**About this task:**
Give again only the lines from the line that holds "Salerno Gold &" to the end of the data, inclusive, omitting all pictures.

▬▬▬▬▬▬

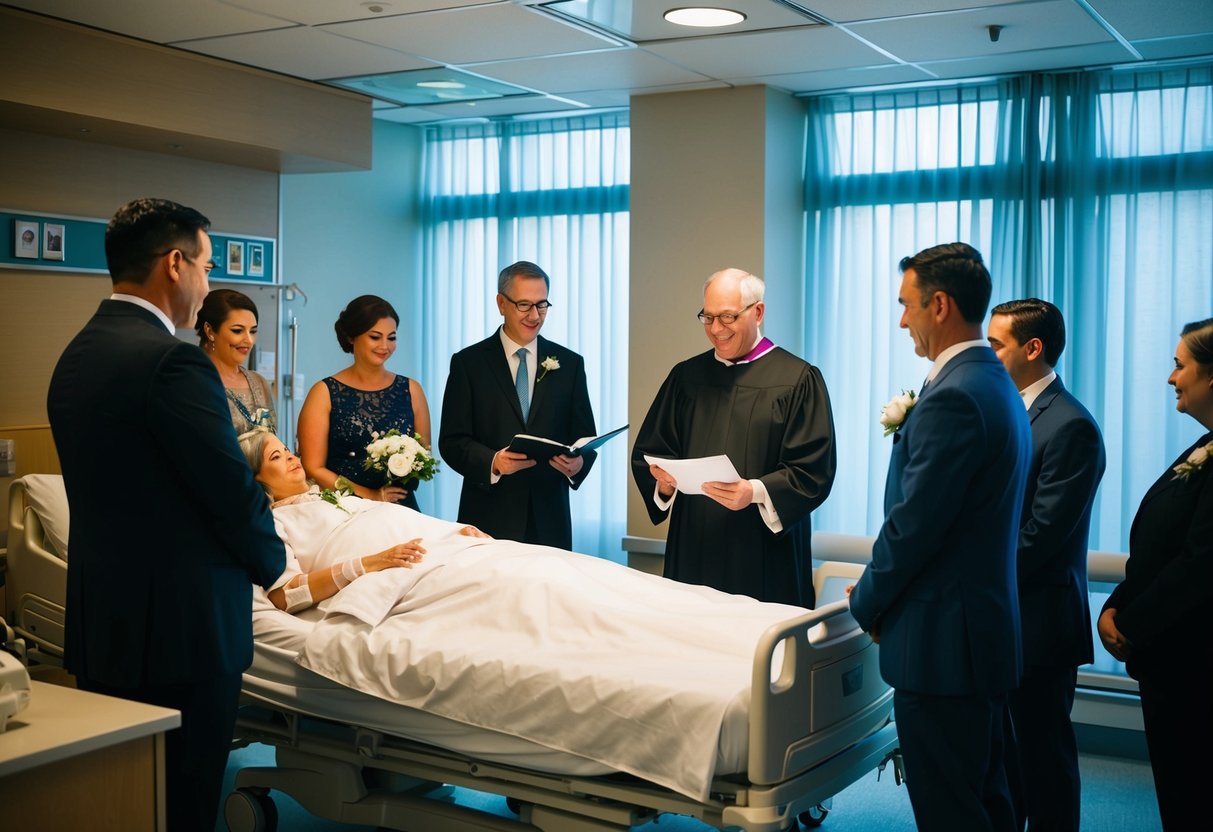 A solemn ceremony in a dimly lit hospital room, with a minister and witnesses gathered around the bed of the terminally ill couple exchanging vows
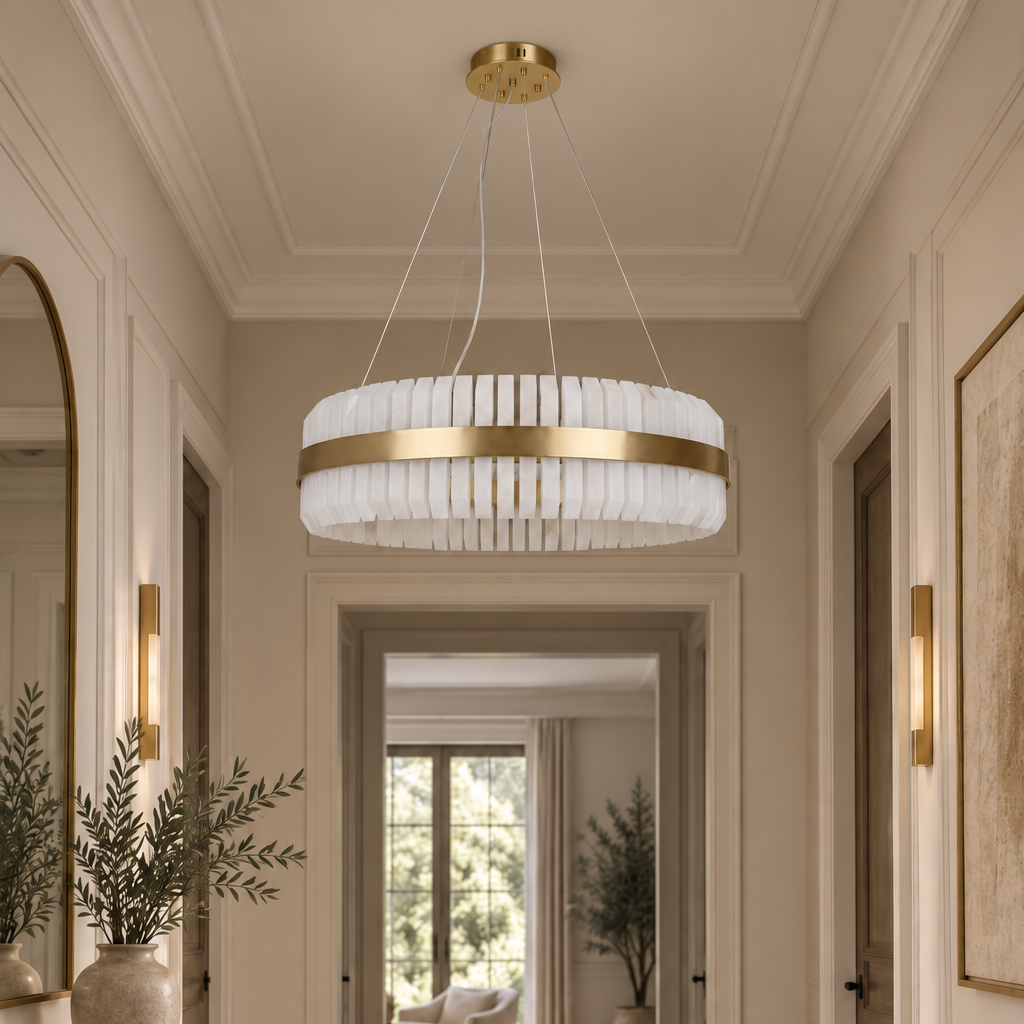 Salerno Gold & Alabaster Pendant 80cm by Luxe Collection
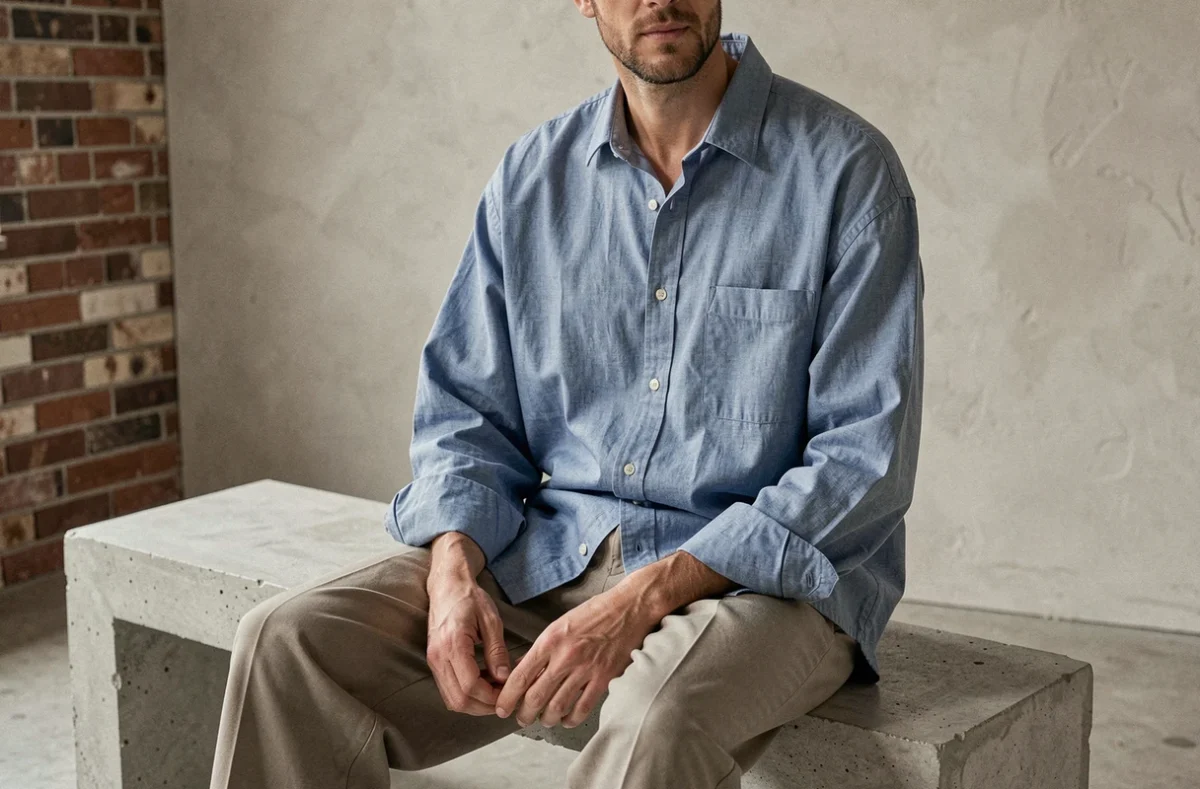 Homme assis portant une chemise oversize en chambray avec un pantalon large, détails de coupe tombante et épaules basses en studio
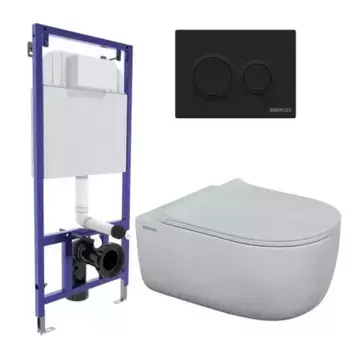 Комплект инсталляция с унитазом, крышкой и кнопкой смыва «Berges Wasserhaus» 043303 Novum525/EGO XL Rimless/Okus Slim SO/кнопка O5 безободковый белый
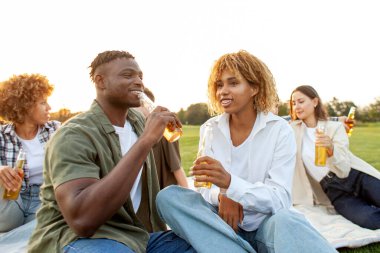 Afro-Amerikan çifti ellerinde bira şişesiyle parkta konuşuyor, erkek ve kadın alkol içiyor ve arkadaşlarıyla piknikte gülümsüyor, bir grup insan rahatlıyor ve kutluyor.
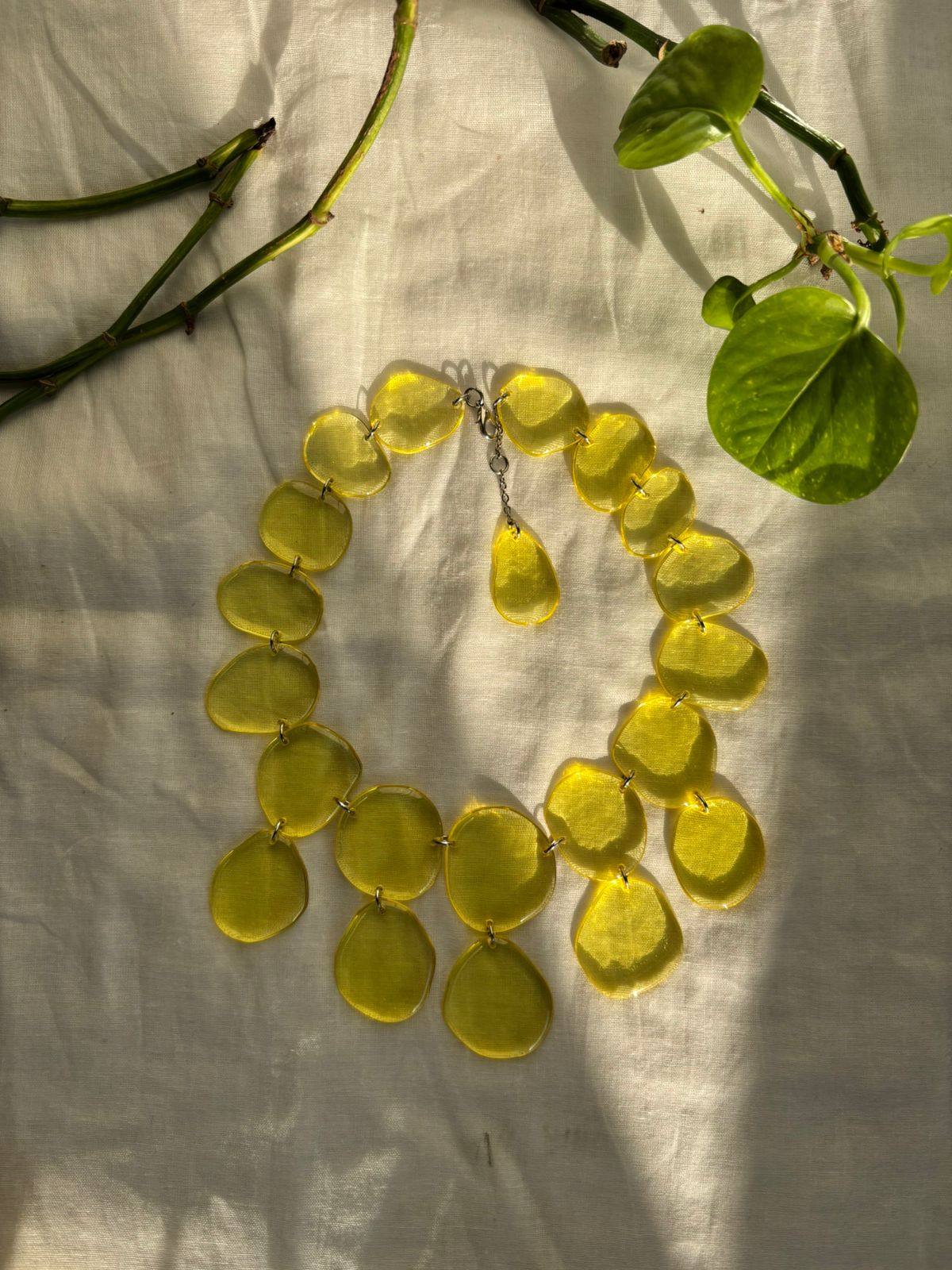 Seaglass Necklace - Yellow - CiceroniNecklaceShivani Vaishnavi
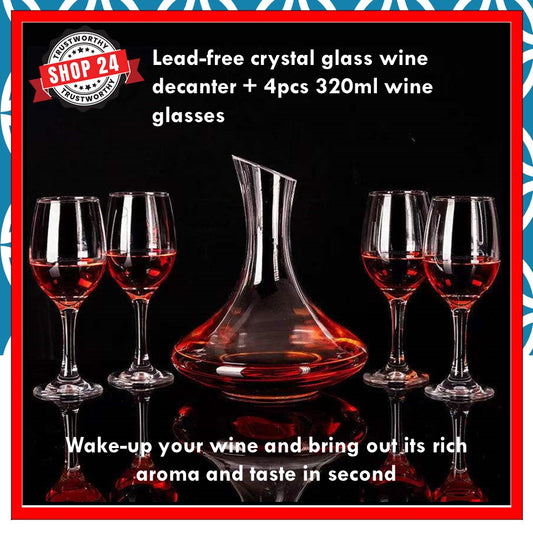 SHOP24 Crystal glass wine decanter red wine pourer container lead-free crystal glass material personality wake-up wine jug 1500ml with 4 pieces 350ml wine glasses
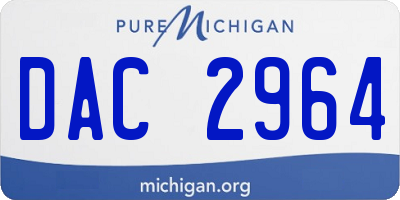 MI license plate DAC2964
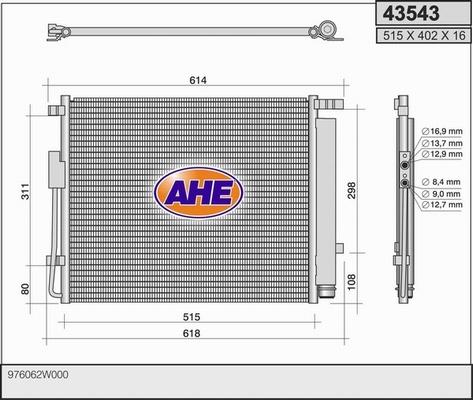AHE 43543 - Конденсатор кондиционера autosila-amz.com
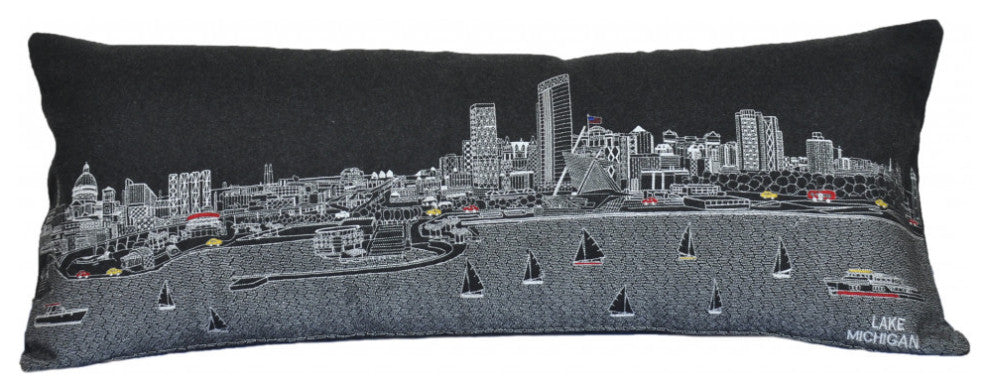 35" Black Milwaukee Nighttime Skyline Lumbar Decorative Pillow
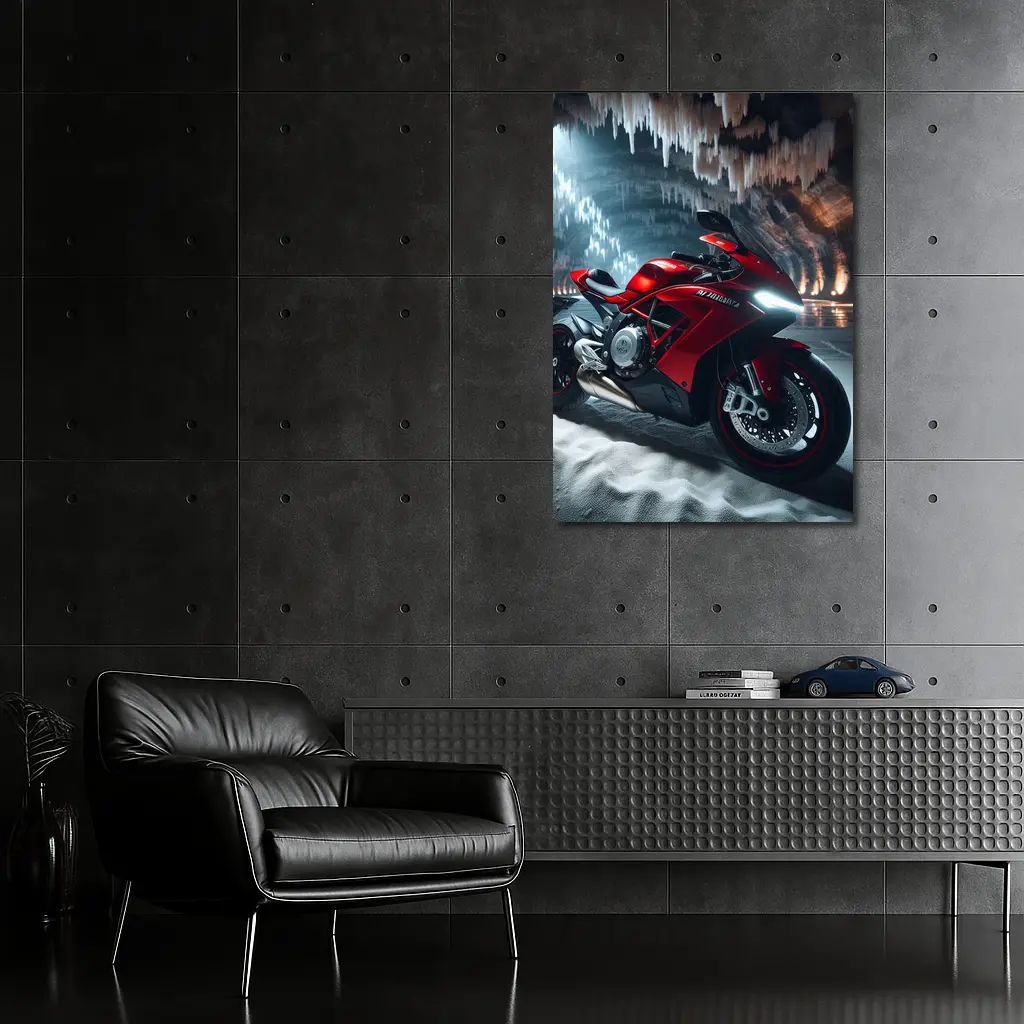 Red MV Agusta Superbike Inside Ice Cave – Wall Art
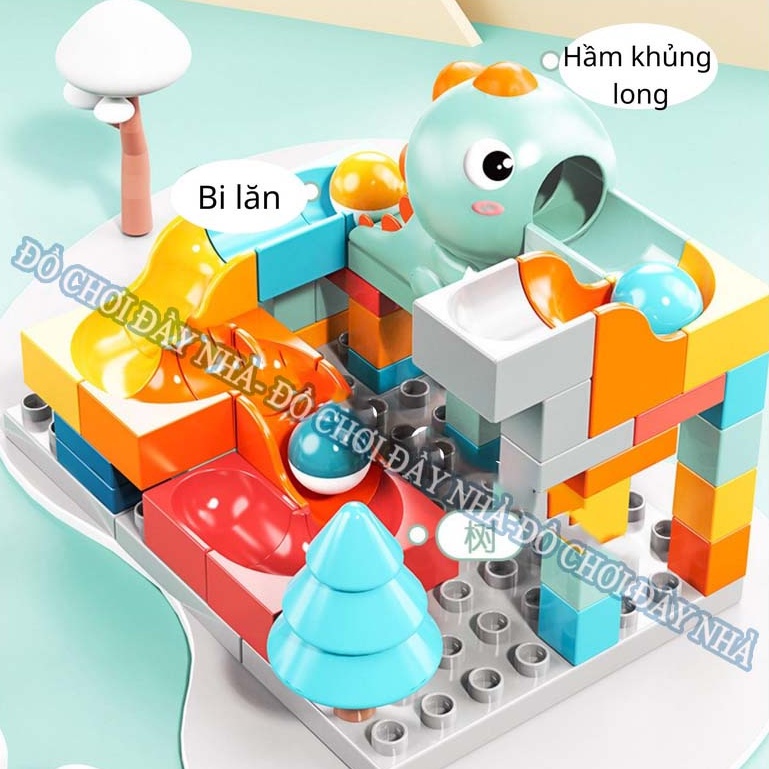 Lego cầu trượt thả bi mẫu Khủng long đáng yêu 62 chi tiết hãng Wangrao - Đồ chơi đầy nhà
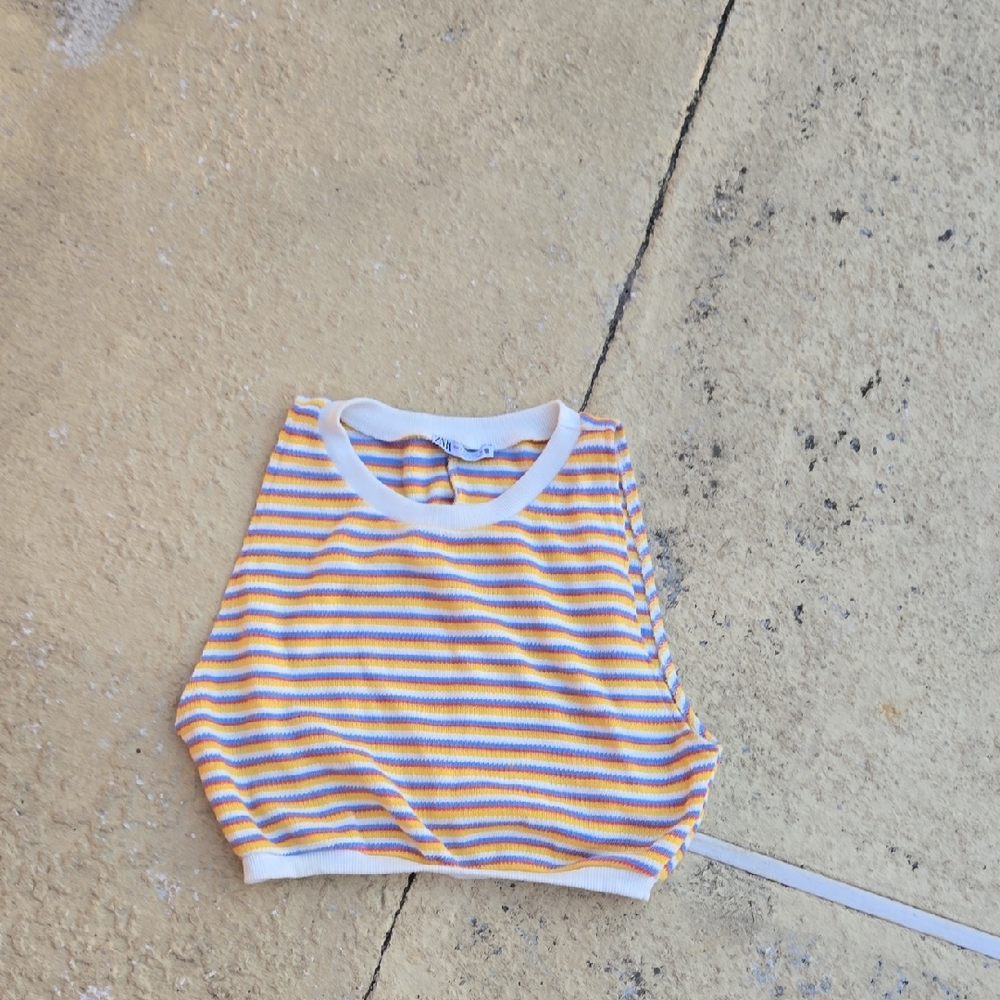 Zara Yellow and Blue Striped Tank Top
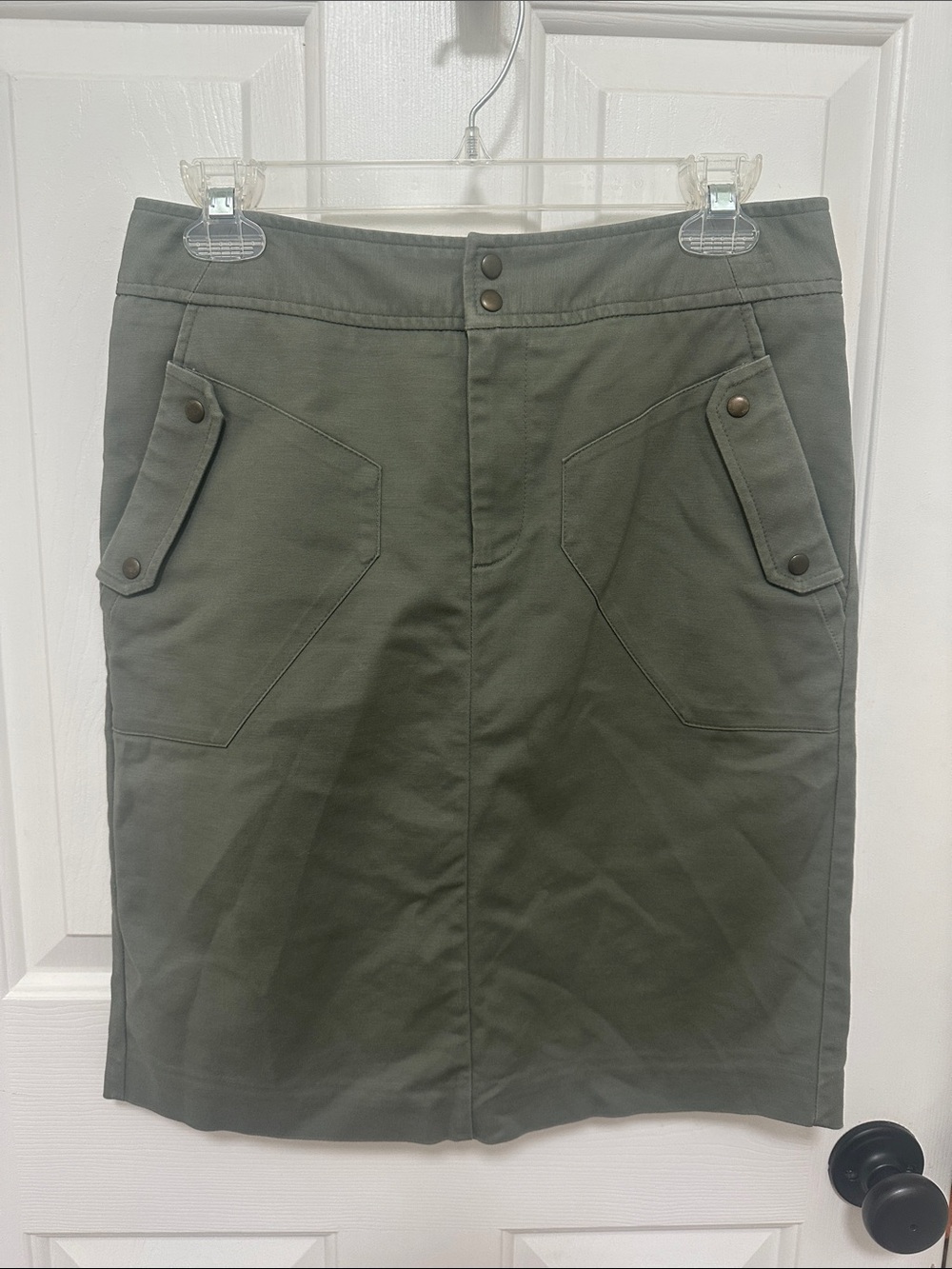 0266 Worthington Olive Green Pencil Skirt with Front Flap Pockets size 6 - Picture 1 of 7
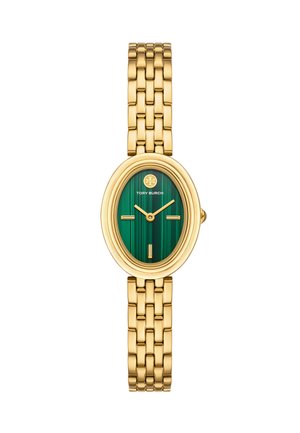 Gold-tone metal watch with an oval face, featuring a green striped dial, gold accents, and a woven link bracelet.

▬▬▬▬▬▬

**Answer for the task:**
 Salerno Gold & Alabaster Pendant 80cm by Luxe Collection
 Homme assis portant une chemise oversize en chambray avec un pantalon large, détails de coupe tombante et épaules basses en studio
 Комплект инсталляция с унитазом, крышкой и кнопкой смыва «Berges Wasserhaus» 043303 Novum525/EGO XL Rimless/Okus Slim SO/кнопка O5 безободковый белый
 Afro-Amerikan çifti ellerinde bira şişesiyle parkta konuşuyor, erkek ve kadın alkol içiyor ve arkadaşlarıyla piknikte gülümsüyor, bir grup insan rahatlıyor ve kutluyor.
 Seaglass Necklace - Yellow - CiceroniNecklaceShivani Vaishnavi
 SHOP24 Crystal glass wine decanter red wine pourer container lead-free crystal glass material personality wake-up wine jug 1500ml with 4 pieces 350ml wine glasses
 MI license plate DAC2964
AHE 43543 - Конденсатор кондиционера autosila-amz.com
 35" Black Milwaukee Nighttime Skyline Lumbar Decorative Pillow
 Red MV Agusta Superbike Inside Ice Cave – Wall Art
 Lego cầu trượt thả bi mẫu Khủng long đáng yêu 62 chi tiết hãng Wangrao - Đồ chơi đầy nhà
 Zara Yellow and Blue Striped Tank Top
 0266 Worthington Olive Green Pencil Skirt with Front Flap Pockets size 6 - Picture 1 of 7
 Gold-tone metal watch with an oval face, featuring a green striped dial, gold accents, and a woven link bracelet.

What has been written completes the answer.